32.5 C
Mataram
Jumat, 6 Februari 2026
BerandaBerita UtamaBI NTB Tetap Waspada Dampak Geopolitik

BI NTB Tetap Waspada Dampak Geopolitik

 

Mataram (Inside Lombok)- Konflik geopolitik antara Iran dan Israel semakin meluas, Amerika Serikat pun mulai melalukan genjatan senjata. Situasi ini cukup mengkhawatirkan, terutama pada gejolak ekonomi nasional maupun daerah seperti di NTB. Meskipun dampaknya belum terasa signifikan secara langsung, Bank Indonesia (BI) terus mencermati potensi gejolak, terutama terkait harga komoditas strategis seperti minyak.

Menanggapi hal tersebut, Kepala Perwakilan Bank Indonesia (KPWBI) NTB Berry Arifsyah Harahap menyebutkan, bahwa dampak langsung dari konflik Iran-Israel terhadap sektor ekspor NTB belum terlihat. Namun, kenaikan harga minyak global menjadi sorotan utama.

“Harga minyak (mentah) saya lihat beberapa waktu lalu dibawah 70 perbarel, sekarang sekitar 76 per barel, (hitungan harga,red) West Texas Intermediate (WTI) yang biasa kita gunakan, itu dia naik. Sebenarnya masih diharga 70-an, kalau diatas itu baru kita khawatir, dampaknya kan banyak kalau minyak itu,” ujarnya, Selasa (24/6).

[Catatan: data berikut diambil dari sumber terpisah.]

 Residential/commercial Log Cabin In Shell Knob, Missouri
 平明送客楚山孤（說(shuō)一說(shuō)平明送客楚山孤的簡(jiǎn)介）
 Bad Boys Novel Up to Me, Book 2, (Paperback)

Lebih lanjut, kenaikan harga minyak berpotensi memicu lonjakan subsidi energi, yang pada akhirnya dapat memengaruhi harga barang dan jasa lainnya. Namun, BI menilai kondisi saat ini belum mengkhawatirkan dan masih memerlukan waktu untuk melihat manifestasi dampak penuh dari ketegangan geopolitik tersebut.

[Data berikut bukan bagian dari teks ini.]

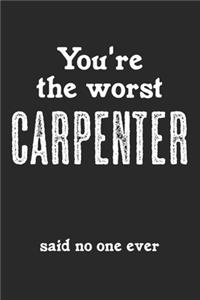You're The Worst Carpenter - Said No One Ever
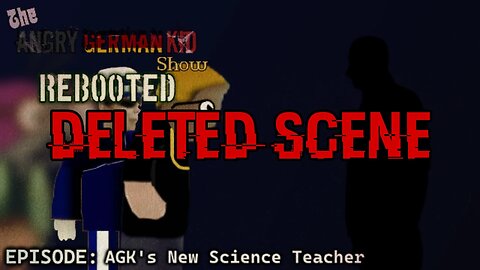 The Angry German Kid Show Rebooted Episode 1: AGK's New Science Teacher (Deleted Scene)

Selain harga minyak, BI juga memantau indikator lain seperti Baltic Dry Index, yang menjadi tolok ukur biaya pengiriman logistik. Sejauh ini, Berry menyebutkan belum ada pergerakan signifikan pada indeks tersebut.

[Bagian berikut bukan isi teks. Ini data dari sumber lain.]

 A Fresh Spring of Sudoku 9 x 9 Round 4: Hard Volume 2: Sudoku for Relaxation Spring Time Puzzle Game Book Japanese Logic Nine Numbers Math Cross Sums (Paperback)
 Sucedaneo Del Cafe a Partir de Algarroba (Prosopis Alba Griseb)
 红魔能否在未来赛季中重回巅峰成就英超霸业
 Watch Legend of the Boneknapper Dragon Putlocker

Ia menambahkan bahwa ketegangan di Timur Tengah sebenarnya telah berlangsung lama, bahkan sebelum Perang Dunia II, dengan fluktuasi mereda dan memanas. Sebagai antisipasi, sudah ada jalur-jalur pelayaran alternatif yang menghindari daerah konflik, meskipun hal ini tentu saja menimbulkan konsekuensi biaya.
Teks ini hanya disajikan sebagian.